InMemoryDatasets.jl
InMemoryDatasets.jl copied to clipboard
Sortperm for simple vector
Hi, I was wondering if it possible to expose the parallel sortperm function for "normal" vectors like Vector{Float64} or Vector{Int64}? Thank you Kind regards
Probably not (it heavily depends on Dataset). I guess there should be other packages for parallel sorting, and I guess the Base sort should be quite fast for vector{T}. The real benefits of IMD are in the case
- where missing values are exposed
- or/and there are multiple columns
- or/and there are many rows
which it will be worth to create a data set.
Base sort is actually slow compare to other language like c++ boost sorting algorithms which are multi threaded. A parallel sortperm would be very useful for large vectors.

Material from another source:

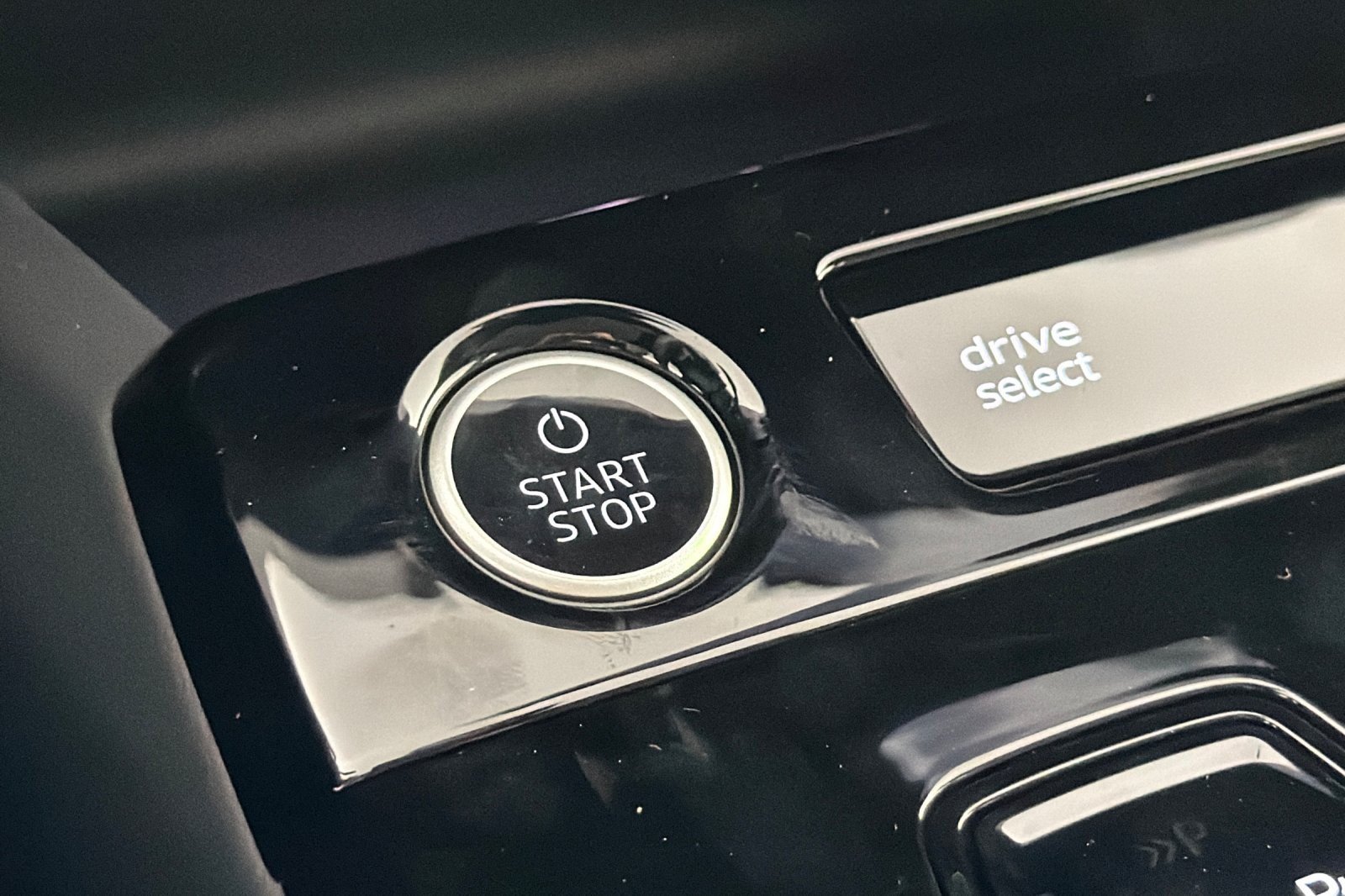 New 2027 Audi A6 e-tron Premium RWD image 21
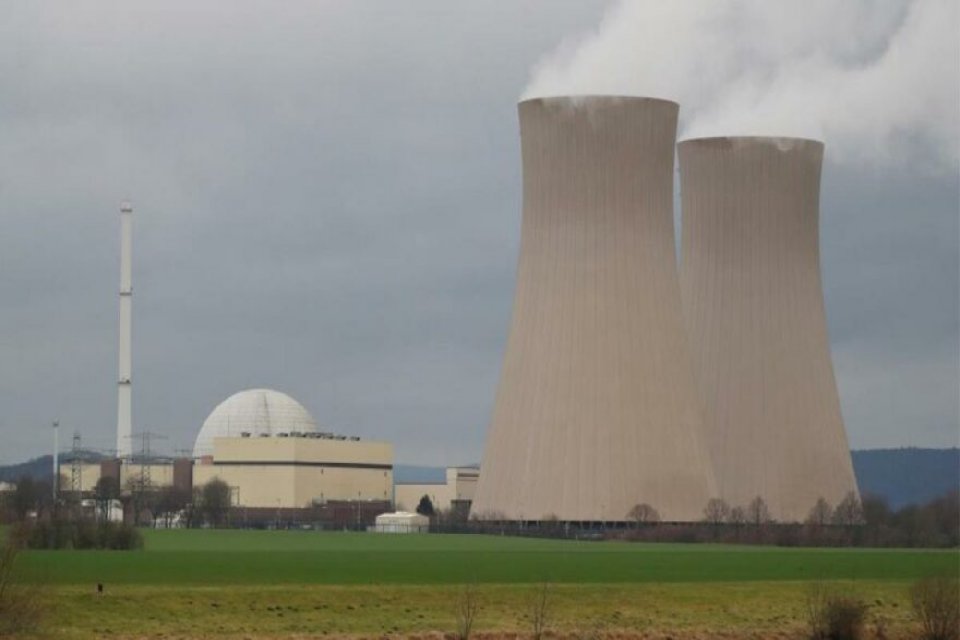 Almanya'da son 6 n&uuml;kleer santralden 3'&uuml;n&uuml;n fişi &ccedil;ekildi. &Uuml;lkede enerji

Base sort is actually slow compare to other language like c++ boost sorting algorithms which are multi threaded.
I see. When there is only one column, IMD uses a simple approach for parallel sorting, however for multiple columns and, particularly, in common scenarios of data manipulation tasks (and with QuickSort) it is much more efficient than other algorithms.
I guess, in general, we need some customised algorithms for Vector{T} before being able to expose sortperm to users.
PS I like to see support of other sorting algorithms in IMD (#47 ) and probably we can think about this during that time.